Exercise directions ▸
Your response should reproduce every line of the entries that contains the word "with".

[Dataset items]
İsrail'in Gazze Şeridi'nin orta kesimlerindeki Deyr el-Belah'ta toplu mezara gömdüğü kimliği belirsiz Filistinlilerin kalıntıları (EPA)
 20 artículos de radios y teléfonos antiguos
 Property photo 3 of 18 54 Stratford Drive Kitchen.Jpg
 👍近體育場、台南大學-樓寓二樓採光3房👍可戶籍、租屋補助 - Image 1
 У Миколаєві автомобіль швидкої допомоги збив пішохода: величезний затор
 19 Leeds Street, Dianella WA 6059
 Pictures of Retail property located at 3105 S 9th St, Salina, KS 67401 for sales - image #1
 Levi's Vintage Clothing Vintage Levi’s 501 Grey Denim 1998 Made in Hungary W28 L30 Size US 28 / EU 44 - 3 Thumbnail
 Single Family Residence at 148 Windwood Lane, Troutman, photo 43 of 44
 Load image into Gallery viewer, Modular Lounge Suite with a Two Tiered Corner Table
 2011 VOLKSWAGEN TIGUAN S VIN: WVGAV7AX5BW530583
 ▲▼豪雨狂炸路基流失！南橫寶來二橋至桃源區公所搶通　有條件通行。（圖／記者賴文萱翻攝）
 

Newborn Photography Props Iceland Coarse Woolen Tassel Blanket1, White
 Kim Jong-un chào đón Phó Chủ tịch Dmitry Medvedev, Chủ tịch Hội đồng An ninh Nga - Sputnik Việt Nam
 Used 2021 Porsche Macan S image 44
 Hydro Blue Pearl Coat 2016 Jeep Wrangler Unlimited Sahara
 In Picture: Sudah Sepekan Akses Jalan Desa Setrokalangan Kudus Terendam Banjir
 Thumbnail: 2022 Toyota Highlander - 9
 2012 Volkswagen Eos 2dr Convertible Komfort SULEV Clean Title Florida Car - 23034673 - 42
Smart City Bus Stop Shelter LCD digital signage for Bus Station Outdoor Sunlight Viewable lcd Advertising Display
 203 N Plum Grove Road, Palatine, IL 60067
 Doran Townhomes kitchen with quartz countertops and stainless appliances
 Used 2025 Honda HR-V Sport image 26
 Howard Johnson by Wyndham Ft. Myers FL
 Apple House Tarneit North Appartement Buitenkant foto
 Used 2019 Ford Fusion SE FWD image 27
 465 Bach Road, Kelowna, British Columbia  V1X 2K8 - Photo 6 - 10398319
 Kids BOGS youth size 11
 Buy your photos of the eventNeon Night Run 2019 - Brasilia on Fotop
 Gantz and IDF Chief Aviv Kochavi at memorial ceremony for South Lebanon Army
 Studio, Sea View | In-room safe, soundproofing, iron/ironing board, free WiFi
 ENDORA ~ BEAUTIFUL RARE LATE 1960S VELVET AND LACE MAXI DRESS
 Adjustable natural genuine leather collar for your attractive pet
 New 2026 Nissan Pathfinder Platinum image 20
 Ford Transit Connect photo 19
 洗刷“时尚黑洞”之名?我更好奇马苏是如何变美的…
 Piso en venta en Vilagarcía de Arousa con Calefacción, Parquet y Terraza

Result of the exercise ▸
 Load image into Gallery viewer, Modular Lounge Suite with a Two Tiered Corner Table
 Doran Townhomes kitchen with quartz countertops and stainless appliances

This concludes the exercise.